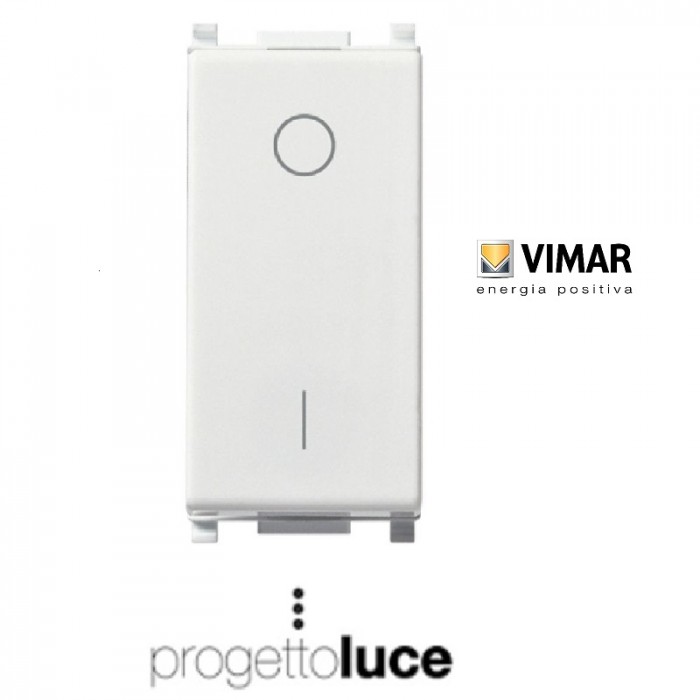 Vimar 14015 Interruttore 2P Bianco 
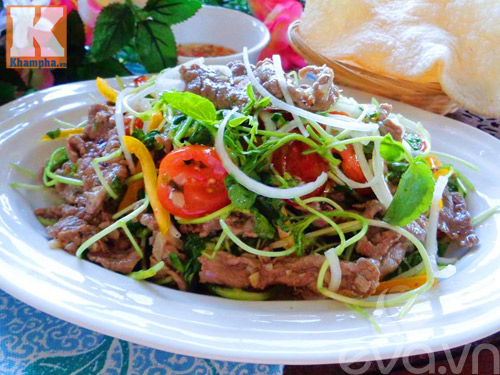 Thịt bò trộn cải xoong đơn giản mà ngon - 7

┄┄┄┄┄┄┄┄┄┄┄┄┄┄┄┄┄┄┄┄

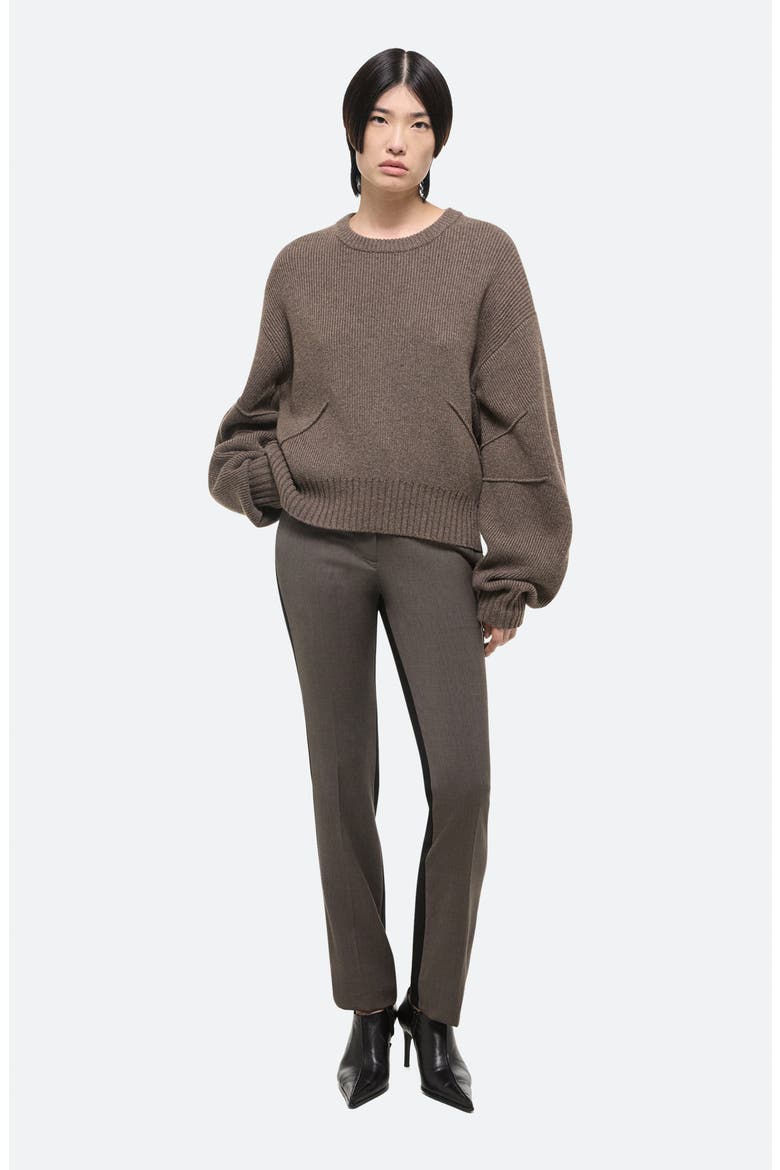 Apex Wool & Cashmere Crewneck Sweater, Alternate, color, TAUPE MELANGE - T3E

┄┄┄┄┄┄┄┄┄┄┄┄┄┄┄┄┄┄┄┄

Print, exactly and with no pictures, the lines of the listing above starting at the one that has "Vimar 14015 Interruttore 2P Bianco" and ending at the one that has "Thịt bò trộn cải xoong đơn giản mà ngon - 7", both included.

# Written solution:
 Vimar 14015 Interruttore 2P Bianco 
 Thịt bò trộn cải xoong đơn giản mà ngon - 7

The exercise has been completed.